DIRECTIONS FOR THIS TASK:
Include the line containing "Last of the" and every line after it up to the end of the material below; reproduce them exactly and drop the pictures.

DATASET EXCERPT:
= = =

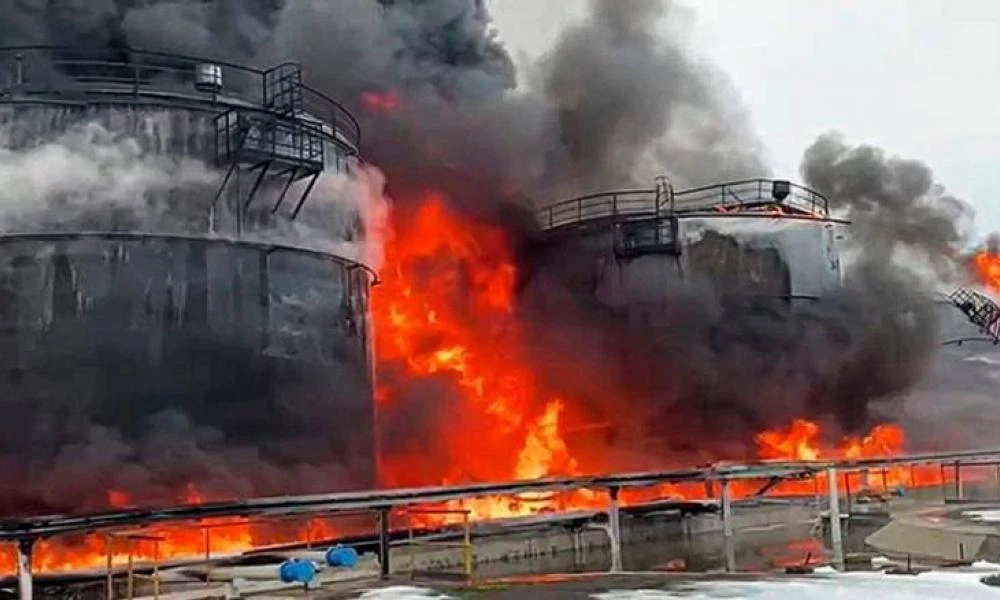 Ρωσία: Στις φλόγες διυλιστήρια πετρελαίου και στρατιωτικό αεροδρόμιο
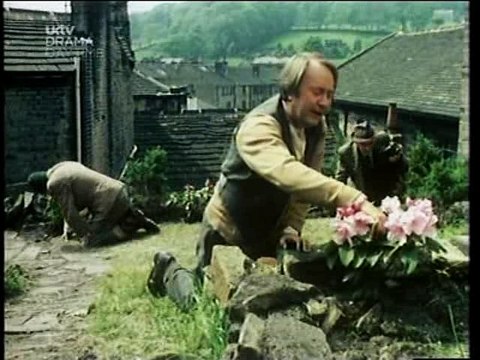 Last of the Summer Wine S01E06 - Hail Smiling Morn or Thereabouts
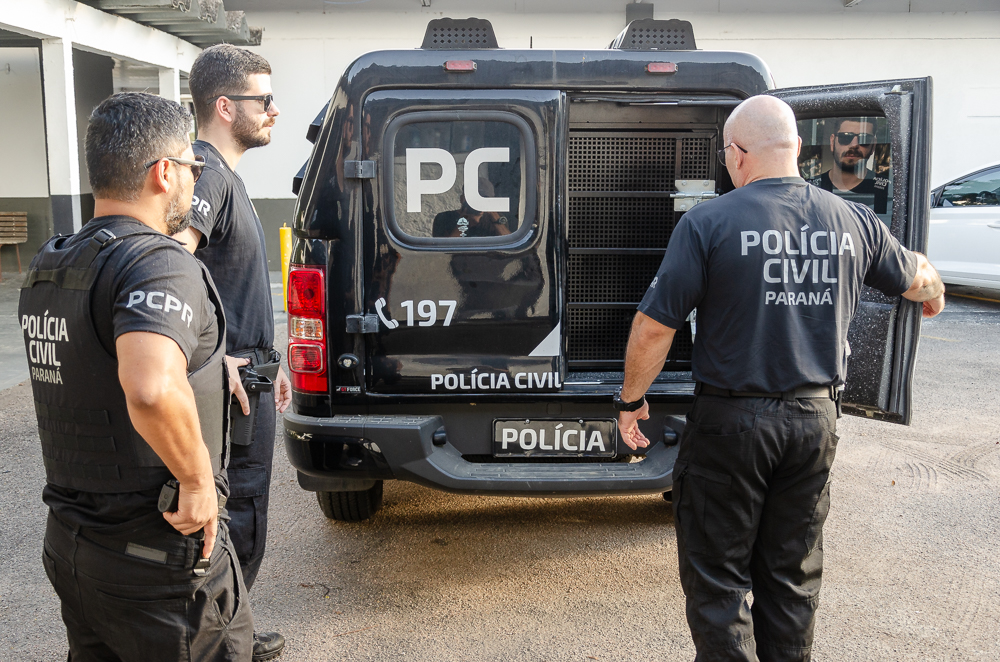 Pcpr Prende Dois Homens Em Flagrante Por Tr Fico De Drogas E Posse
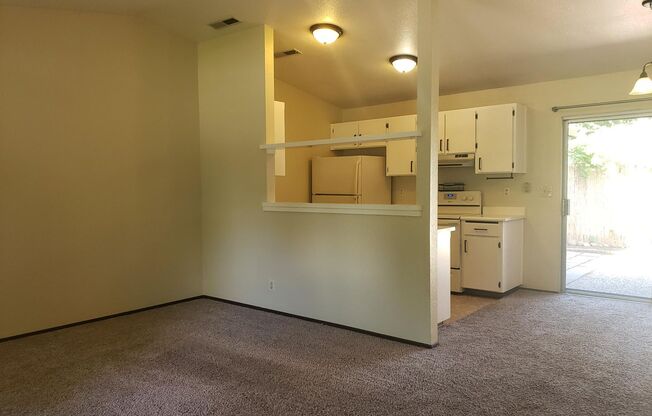 2 beds, 2 baths, $1,675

= = =

REPLY TO THE TASK:
 Last of the Summer Wine S01E06 - Hail Smiling Morn or Thereabouts
 Pcpr Prende Dois Homens Em Flagrante Por Tr Fico De Drogas E Posse
 2 beds, 2 baths, $1,675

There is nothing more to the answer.